En 1985, les centres de transfusion sanguine ont commencé à utiliser un test qui révèle la présence dans le sang des anticorps que l’organisme produit pour se défendre contre le virus du SIDA. Là où le bât blesse, c’est qu’il s’écoule un certain temps entre le moment où le sujet est contaminé par le virus et celui où il se met à fabriquer des anticorps détectables par le test. Cette période critique est appelée temps de latence.
La proportion de 1 séropositif pour 28 000 transfusés est tirée d’une étude qui a paru dans le New England Journal of Medicine. On y indiquait que le temps de latence est le plus souvent de l’ordre de huit semaines. Toutefois, quelques mois auparavant, en juin 1989, la même revue avait publié une étude qui montrait que cette période peut être beaucoup plus longue: trois années, voire davantage. Ces précédents travaux laissaient entendre non seulement que ces longues périodes étaient peut-être plus courantes qu’on ne le pensait jusqu’alors, mais aussi, et c’est le plus inquiétant, que certaines personnes contaminées pouvaient ne jamais développer d’anticorps contre le virus. L’équipe qui a réalisé la seconde étude, plus optimiste, n’a cependant pas jugé bon de retenir ces données, les qualifiant de “mal comprises”.
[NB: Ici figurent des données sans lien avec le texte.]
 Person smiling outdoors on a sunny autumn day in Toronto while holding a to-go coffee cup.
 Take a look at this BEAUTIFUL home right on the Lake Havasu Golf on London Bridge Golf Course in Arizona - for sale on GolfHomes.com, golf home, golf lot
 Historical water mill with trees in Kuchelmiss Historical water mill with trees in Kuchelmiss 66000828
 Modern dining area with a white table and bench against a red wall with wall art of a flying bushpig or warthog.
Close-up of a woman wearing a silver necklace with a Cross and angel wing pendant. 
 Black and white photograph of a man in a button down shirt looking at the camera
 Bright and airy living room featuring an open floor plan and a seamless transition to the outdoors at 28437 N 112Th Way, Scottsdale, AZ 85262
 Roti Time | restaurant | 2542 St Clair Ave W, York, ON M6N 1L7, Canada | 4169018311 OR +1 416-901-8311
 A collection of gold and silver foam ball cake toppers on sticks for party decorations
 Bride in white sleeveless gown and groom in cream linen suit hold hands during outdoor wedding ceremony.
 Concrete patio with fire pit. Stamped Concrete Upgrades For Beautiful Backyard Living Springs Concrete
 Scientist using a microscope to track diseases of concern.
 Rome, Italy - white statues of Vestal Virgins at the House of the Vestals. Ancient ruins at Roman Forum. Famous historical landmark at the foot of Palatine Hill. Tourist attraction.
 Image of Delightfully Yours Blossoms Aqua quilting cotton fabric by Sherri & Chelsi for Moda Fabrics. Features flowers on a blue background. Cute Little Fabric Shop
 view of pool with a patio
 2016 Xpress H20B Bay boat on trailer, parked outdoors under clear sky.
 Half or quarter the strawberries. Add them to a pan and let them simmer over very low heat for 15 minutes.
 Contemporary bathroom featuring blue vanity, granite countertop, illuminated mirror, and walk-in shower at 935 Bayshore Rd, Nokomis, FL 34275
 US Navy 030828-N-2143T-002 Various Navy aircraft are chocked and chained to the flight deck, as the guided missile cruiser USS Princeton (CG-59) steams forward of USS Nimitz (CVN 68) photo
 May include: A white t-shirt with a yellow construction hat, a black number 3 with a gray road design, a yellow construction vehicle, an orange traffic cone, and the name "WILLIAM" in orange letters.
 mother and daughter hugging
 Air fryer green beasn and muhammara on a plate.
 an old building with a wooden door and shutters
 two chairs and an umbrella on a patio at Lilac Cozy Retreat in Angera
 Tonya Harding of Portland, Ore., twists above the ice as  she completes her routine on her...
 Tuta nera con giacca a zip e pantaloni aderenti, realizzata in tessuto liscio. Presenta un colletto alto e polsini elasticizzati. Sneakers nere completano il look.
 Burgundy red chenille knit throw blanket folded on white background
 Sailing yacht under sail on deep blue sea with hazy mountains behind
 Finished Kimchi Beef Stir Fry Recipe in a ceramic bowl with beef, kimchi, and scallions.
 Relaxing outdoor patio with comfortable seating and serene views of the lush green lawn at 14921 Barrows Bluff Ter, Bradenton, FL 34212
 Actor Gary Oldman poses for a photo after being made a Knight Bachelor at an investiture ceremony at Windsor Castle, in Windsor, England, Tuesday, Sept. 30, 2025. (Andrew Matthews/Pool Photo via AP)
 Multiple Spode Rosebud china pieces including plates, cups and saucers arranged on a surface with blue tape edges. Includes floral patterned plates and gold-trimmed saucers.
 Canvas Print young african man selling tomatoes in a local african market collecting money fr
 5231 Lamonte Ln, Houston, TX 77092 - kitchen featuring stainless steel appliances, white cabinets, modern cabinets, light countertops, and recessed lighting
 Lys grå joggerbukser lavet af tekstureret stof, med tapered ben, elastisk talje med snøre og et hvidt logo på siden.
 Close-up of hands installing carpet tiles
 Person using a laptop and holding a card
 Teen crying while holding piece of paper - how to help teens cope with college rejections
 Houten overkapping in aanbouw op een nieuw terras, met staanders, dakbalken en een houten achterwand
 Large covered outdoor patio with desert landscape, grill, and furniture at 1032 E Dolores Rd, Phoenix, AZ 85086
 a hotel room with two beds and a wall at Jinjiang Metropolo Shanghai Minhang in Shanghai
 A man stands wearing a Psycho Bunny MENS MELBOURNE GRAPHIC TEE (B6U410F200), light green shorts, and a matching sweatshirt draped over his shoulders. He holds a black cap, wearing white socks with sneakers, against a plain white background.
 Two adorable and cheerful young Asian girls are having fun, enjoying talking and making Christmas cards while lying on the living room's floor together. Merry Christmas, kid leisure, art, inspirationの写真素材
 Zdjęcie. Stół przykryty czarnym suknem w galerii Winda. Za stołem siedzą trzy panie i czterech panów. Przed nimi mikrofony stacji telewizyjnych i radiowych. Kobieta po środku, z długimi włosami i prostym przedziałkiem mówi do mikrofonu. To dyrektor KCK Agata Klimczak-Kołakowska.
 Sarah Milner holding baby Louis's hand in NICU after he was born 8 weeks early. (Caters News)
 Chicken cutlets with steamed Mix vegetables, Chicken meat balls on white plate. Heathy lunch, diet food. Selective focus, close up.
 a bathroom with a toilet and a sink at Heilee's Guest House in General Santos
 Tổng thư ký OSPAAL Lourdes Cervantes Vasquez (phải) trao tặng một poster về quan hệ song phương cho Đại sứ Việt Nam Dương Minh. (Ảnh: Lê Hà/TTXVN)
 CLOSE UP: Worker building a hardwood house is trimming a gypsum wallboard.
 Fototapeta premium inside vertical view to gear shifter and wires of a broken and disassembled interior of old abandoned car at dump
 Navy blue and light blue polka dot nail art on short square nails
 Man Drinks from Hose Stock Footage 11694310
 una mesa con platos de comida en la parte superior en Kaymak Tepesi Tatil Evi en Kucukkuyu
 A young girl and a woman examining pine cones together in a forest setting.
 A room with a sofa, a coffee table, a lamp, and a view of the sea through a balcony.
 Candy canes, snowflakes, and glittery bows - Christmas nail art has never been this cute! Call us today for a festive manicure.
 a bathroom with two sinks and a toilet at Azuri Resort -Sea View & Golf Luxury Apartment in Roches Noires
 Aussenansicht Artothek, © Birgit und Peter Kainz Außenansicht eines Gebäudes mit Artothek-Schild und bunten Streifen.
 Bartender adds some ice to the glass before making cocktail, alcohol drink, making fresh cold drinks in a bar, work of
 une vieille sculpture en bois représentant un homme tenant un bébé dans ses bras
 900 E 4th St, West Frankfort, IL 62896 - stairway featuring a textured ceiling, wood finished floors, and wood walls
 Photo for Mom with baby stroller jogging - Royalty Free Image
On ne s’étonnera donc pas du constat suivant fait par le docteur Cory SerVass, membre de la Commission présidentielle américaine sur le SIDA: “Les banques du sang peuvent continuer à dire que les réserves de sang sont aussi sûres que possible, les gens ne marchent plus parce qu’ils sentent que ce n’est pas vrai.”
[Crédit photographique]
CDC, Atlanta, Géorgie
[Encadré, page 11]
Sang transfusé et cancer
Les scientifiques s’aperçoivent qu’un sang transfusé peut détruire le système immunitaire et ainsi compromettre les chances de survie des personnes opérées d’un cancer. Dans son numéro du 15 février 1987, la revue Cancer (angl.) donnait les résultats d’une étude menée aux Pays-Bas: “Chez les malades atteints du cancer du côlon, on a observé d’importants effets négatifs sur la durée de vie à long terme des transfusés. Dans ce groupe, 48 % des transfusés et 74 % des non-transfusés ont atteint le seuil de survie des 5 ans.”
Des médecins de l’université de Californie du Sud ont également constaté que chez des opérés d’un cancer le taux de réapparition de la maladie était beaucoup plus élevé chez les transfusés. Les conclusions du suivi que ces médecins ont effectué sur cent patients étaient présentées dans le numéro de mars 1989 de la revue Annals of Otology, Rhinology & Laryngology: “Le taux de récurrence des cancers du larynx s’est élevé à 14 % chez ceux qui n’avaient pas reçu de sang et à 65 % chez ceux qui en avaient reçu. En ce qui concerne le cancer de la cavité buccale, du pharynx, du nez ou des sinus, le taux de récurrence était de 31 % chez les non-transfusés contre 71 % chez les transfusés.”
Dans un article intitulé “Les transfusions sanguines et la chirurgie carcinologique”, le docteur John Spratt déclare: “Le chirurgien cancérologue devra peut-être se passer de sang.” — The American Journal of Surgery, septembre 1986.
[Illustration, page 10]
On peut discuter la valeur thérapeutique du sang, mais pas le fait qu’il peut causer la mort.